5. SUMMARY and Fast Build

To set up the desired system in the project, we first created an architecture. This architecture involved collecting raw data from human resources, users within the warehouse, and organizational documents. After cleaning the data, it was written to the relevant databases, making it available for analysis using visualization tools like Tableau or SQL queries. Initially, the raw data was sent to HDFS through an ETL pipeline. As information on the required analysis was received, the data was transferred to clean tables. The analysis was then conducted using Trino, and the relevant reports were prepared.

1. Build containers:

docker-compose up -d --build

2. Wait 1 minute and check the containers status.

docker-compose ps -a

3. Check the SSH connection for Airflow and Spark master.

ssh -i /opt/bitnami/airflow/.ssh/spark-master-key root@spark-master

4. Create the /data folder in HDFS and grant permissions.
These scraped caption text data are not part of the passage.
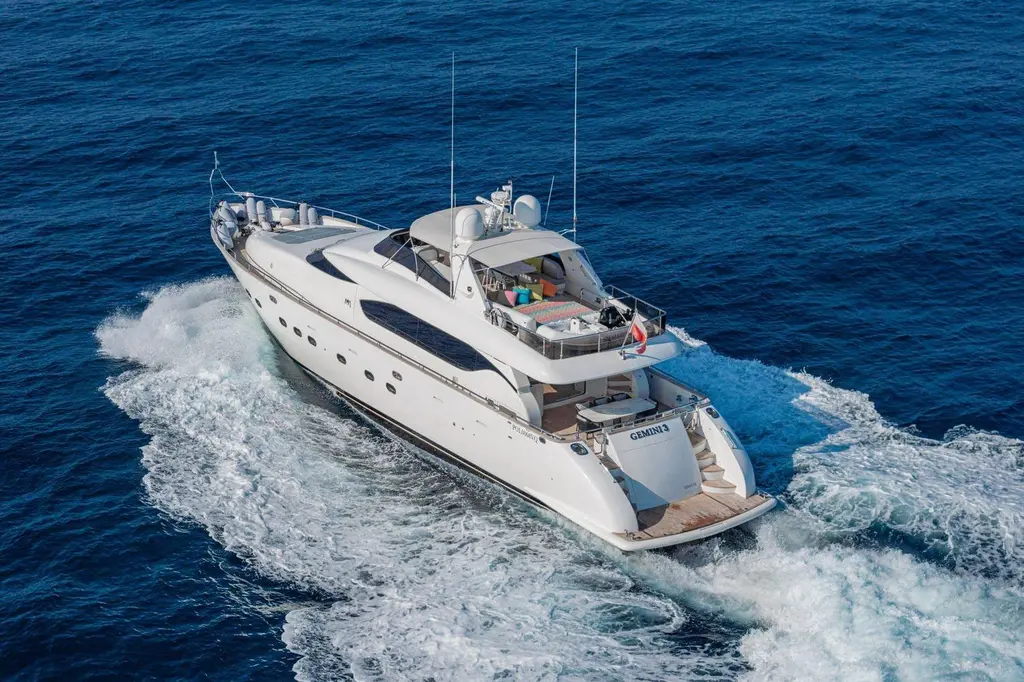 GEMINI 3 2002 Maiora 24S Yacht For Sale in Naples IT-NA GEMINI 3 2002 Maiora 24S Yacht For Sale in Naples IT-NA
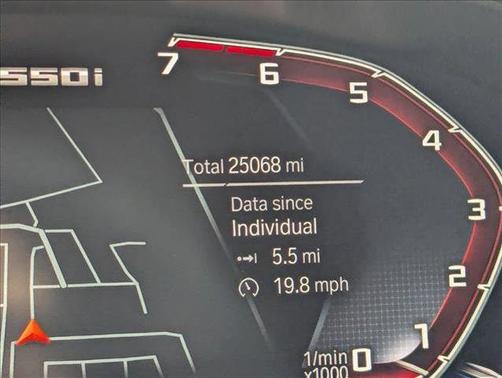 2023 BMW M550 i Xdrive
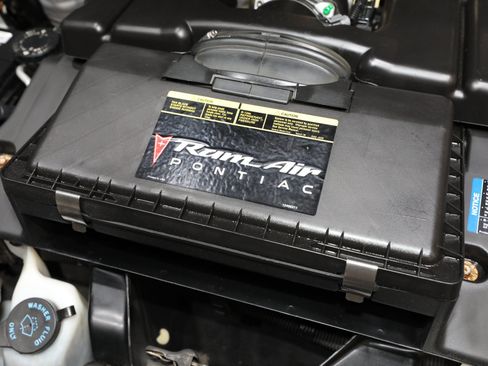Used 1999 Pontiac Firebird Trans Am RWD image 76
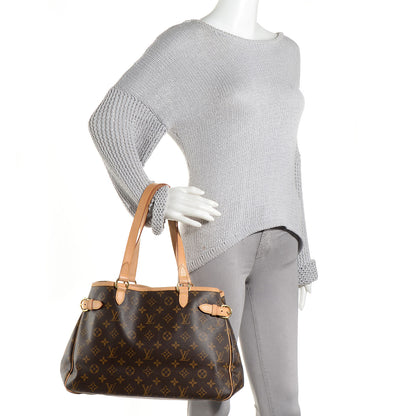 Louis Vuitton Monogram Batignolles Horizontal 2 of 7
5. Lastly you need to create users and humanresource tables

You need to create users and humanresource tables. You can use Trino on DBeaver:

CREATE TABLE users (
    id INT,
    signal_strength INT,
    frequency INT,
    location VARCHAR(255),
    timestamp DATETIME
);

CREATE TABLE humanresource (
    user_id INT,
    department VARCHAR(255),
    position VARCHAR(255),
    salary DECIMAL(10, 2),
    hire_date DATE
);

Then insert the data. I created a Python script in the create_data folder.